Testing the current buster releases for [mcr]6gd.* instance type support
reveals an issue that leads the instances to boot to "degraded" state in
systemd.  The failing unit is systemd-growfs@-.service:

admin@ip-172-31-13-14:~$ systemctl status systemd-growfs@-.service
● systemd-growfs@-.service - Grow File System on /
   Loaded: loaded (/run/systemd/generator/systemd-growfs@-.service; generated)
   Active: failed (Result: exit-code) since Tue 2020-07-28 16:14:54 UTC; 1min 
2s ago
 Docs: man:systemd-growfs@.service(8)
  Process: 271 ExecStart=/lib/systemd/systemd-growfs / (code=exited, 
status=1/FAILURE)
 Main PID: 271 (code=exited, status=1/FAILURE)

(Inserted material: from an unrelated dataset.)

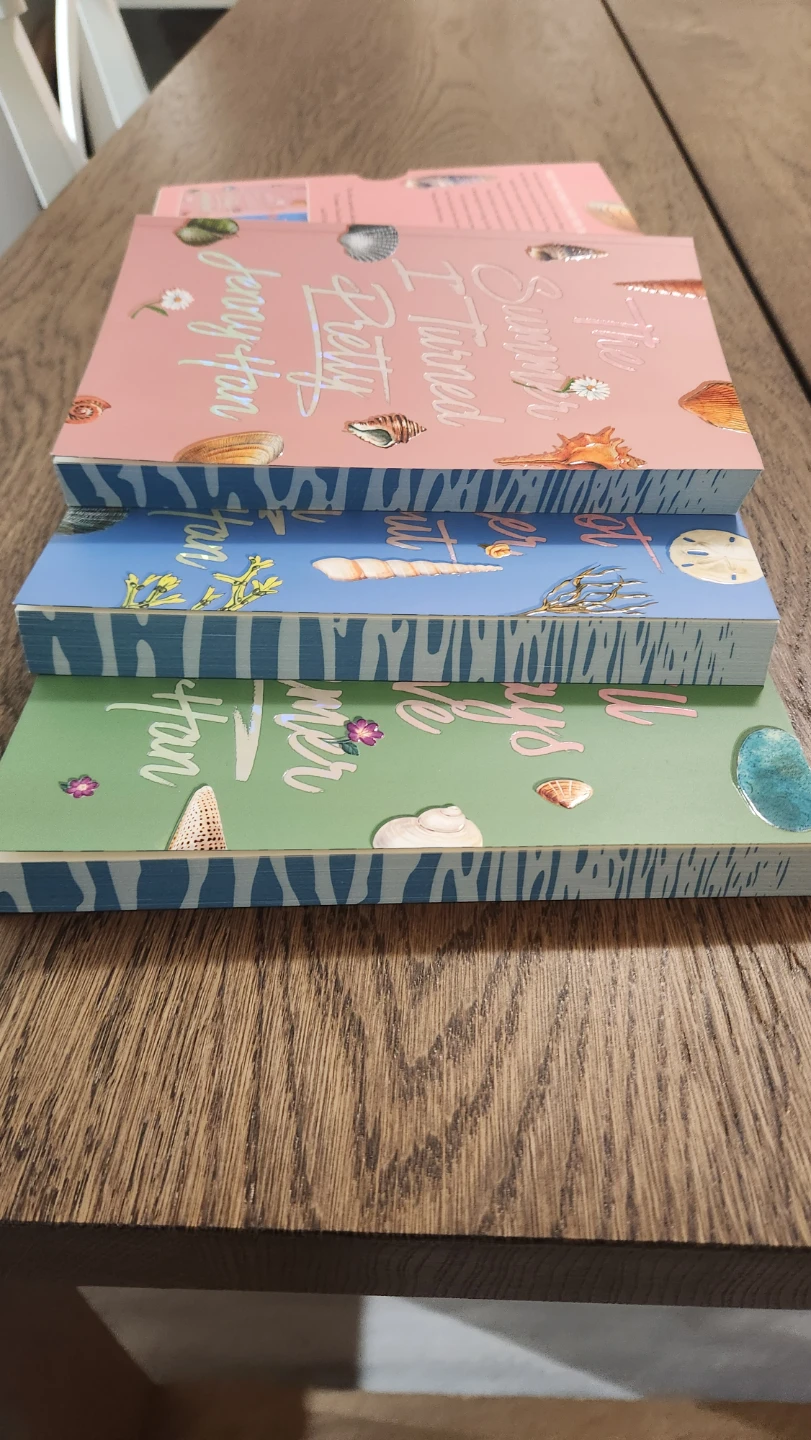 The Complete Summer I Turned Pretty Trilogy Deluxe Edition - photo 3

Jul 28 16:14:54 debian systemd-growfs[271]: Partition size 8455699968 is not a 
multiple of the blocksize 4096, ignoring 3584 bytes
Jul 28 16:14:54 debian systemd-growfs[271]: Failed to resize "/" to 2064379 
blocks (ext4): Read-only file system
Jul 28 16:14:54 debian systemd[1]: systemd-growfs@-.service: Main process 
exited, code=exited, status=1/FAILURE
Jul 28 16:14:54 debian systemd[1]: systemd-growfs@-.service: Failed with result 
'exit-code'.
Jul 28 16:14:54 debian systemd[1]: Failed to start Grow File System on /.

This does not seem limited to the local-NVMe instance types (with the "d" in
the first field), as I have reproduced the issue on c6g.xlarge as well:

admin@ip-172-31-14-76:~$ systemctl status systemd-growfs@-.service
● systemd-growfs@-.service - Grow File System on /
   Loaded: loaded (/run/systemd/generator/systemd-growfs@-.service; generated)
   Active: failed (Result: exit-code) since Tue 2020-07-28 16:24:22 UTC; 1min 
29s ago
 Docs: man:systemd-growfs@.service(8)
  Process: 256 ExecStart=/lib/systemd/systemd-growfs / (code=exited, 
status=1/FAILURE)
 Main PID: 256 (code=exited, status=1/FAILURE)

Warning: Journal has been rotated since unit was started. Log output is 
incomplete or unavailable.
admin@ip-172-31-14-76:~$ ec2metadata --instance-type
c6g.xlarge

Instances were tested in us-east-1.  I don't think this has always occurred
on the 6g arm64 instance types, but it seems to be reproducible
approximately 100% of the time right now.